_HOW TO COMPLETE THIS TASK_: Leave out the pictures and repeat the data exactly.

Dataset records
□ □ □
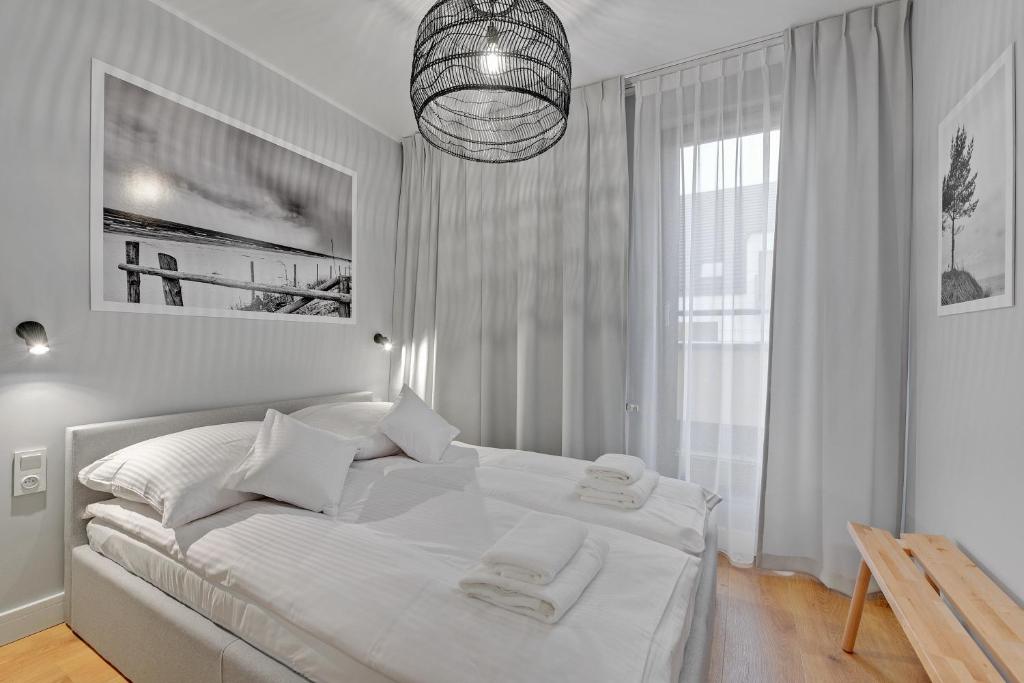 Posteľ alebo postele v izbe v ubytovaní Aura Island Riverside by Downtown Apartments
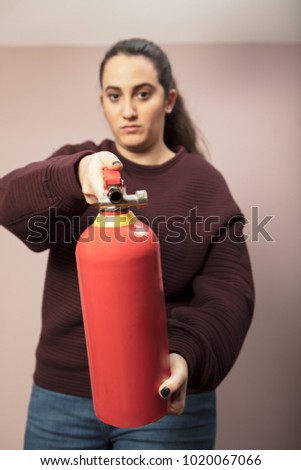 Young woman pointing a red fire extinguisher forwards towards the camera with a serious expression and focus to the canister
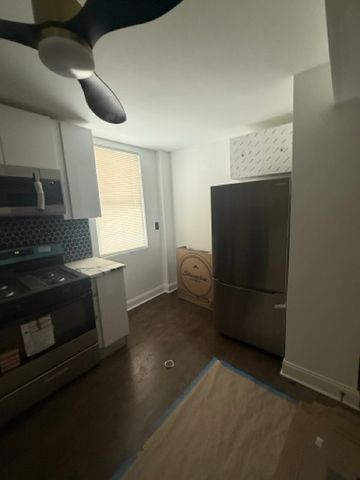 7326 S Woodlawn Avenue, Chicago, IL 60619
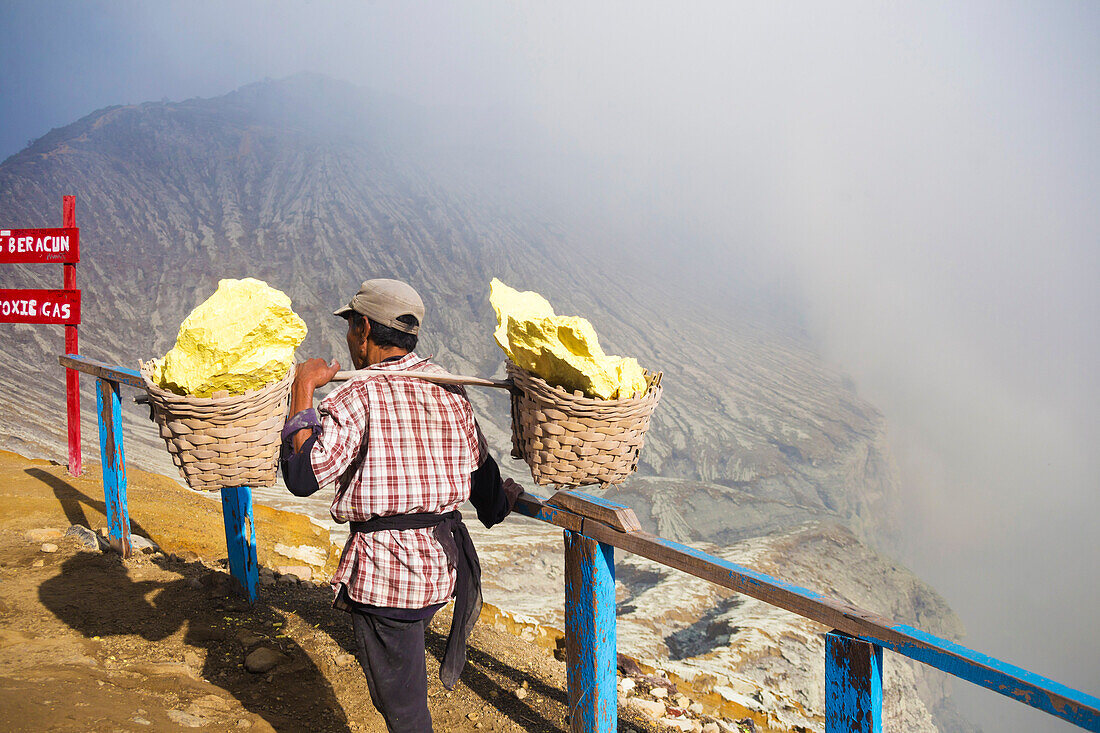 Workers Carrying The Blocks Of Sulfur In Two Baskets On Shoulder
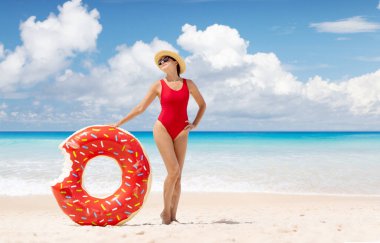 Beautiful young woman with inflatable donut ring relaxing on sea beach. Summer vacation. With copy space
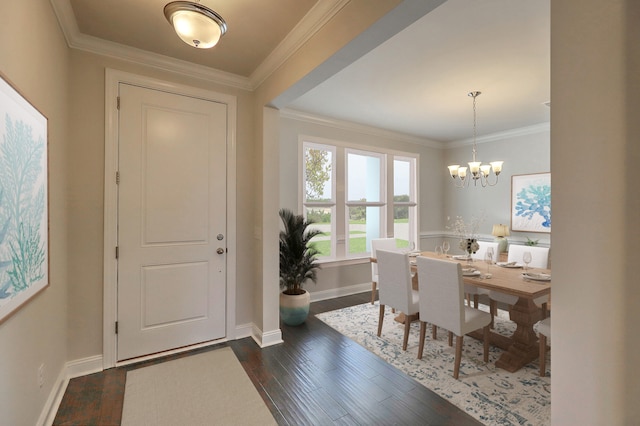 entryway featuring ornamental molding, dark wood-style flooring, a chandelier, and baseboards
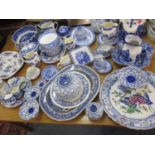 A quantity of blue and white ceramics and similar to include an ironstone triangular cheese dish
□ □ □
_TASK ANSWER_:
 Posteľ alebo postele v izbe v ubytovaní Aura Island Riverside by Downtown Apartments
 Young woman pointing a red fire extinguisher forwards towards the camera with a serious expression and focus to the canister
 7326 S Woodlawn Avenue, Chicago, IL 60619
 Workers Carrying The Blocks Of Sulfur In Two Baskets On Shoulder
 Beautiful young woman with inflatable donut ring relaxing on sea beach. Summer vacation. With copy space
 entryway featuring ornamental molding, dark wood-style flooring, a chandelier, and baseboards
 A quantity of blue and white ceramics and similar to include an ironstone triangular cheese dish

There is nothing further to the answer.